Problem: Your task is to return the listing below word for word, without any of its images.

Provided material:

◆ ◆ ◆ ◆ ◆ ◆ ◆

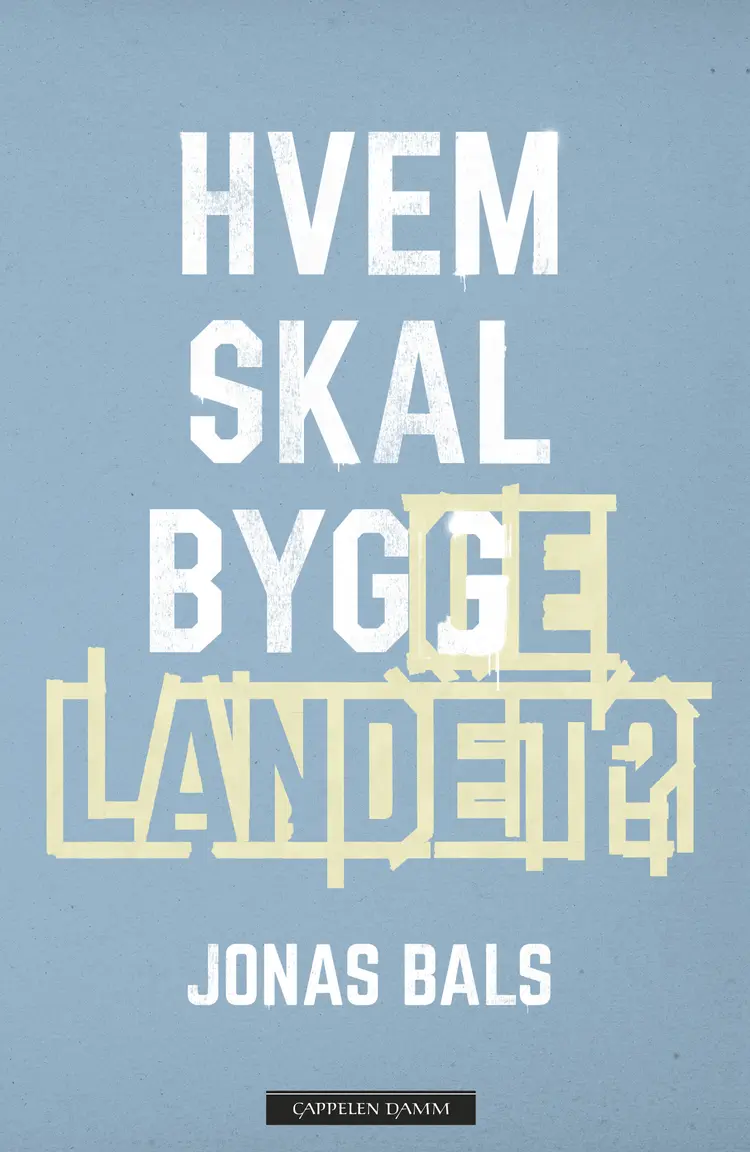 Omslag Hvem skal bygge landet? av Jonas Bals (Heftet)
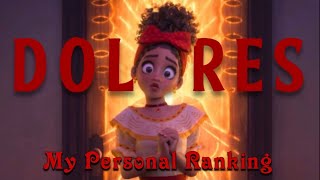 Dolores Top Singing Voices  My Personal Ranking  Encanto [upl. by Stacy]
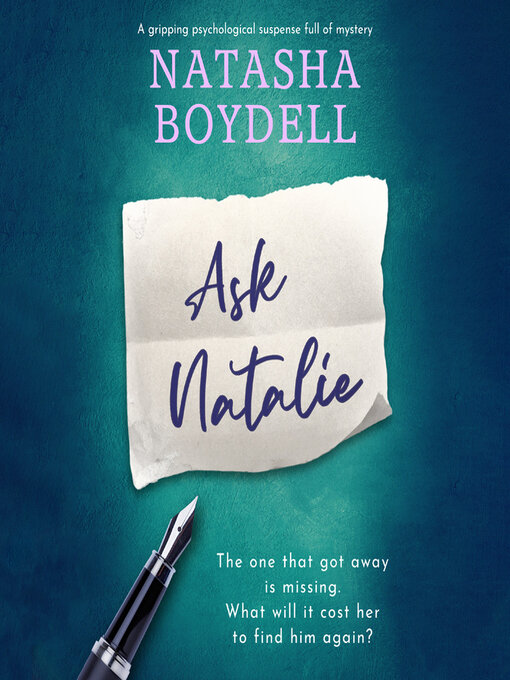Title details for Ask Natalie by Natasha Boydell - Available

◆ ◆ ◆ ◆ ◆ ◆ ◆

Answer box:
 Omslag Hvem skal bygge landet? av Jonas Bals (Heftet)
 Dolores Top Singing Voices  My Personal Ranking  Encanto [upl. by Stacy]
Title details for Ask Natalie by Natasha Boydell - Available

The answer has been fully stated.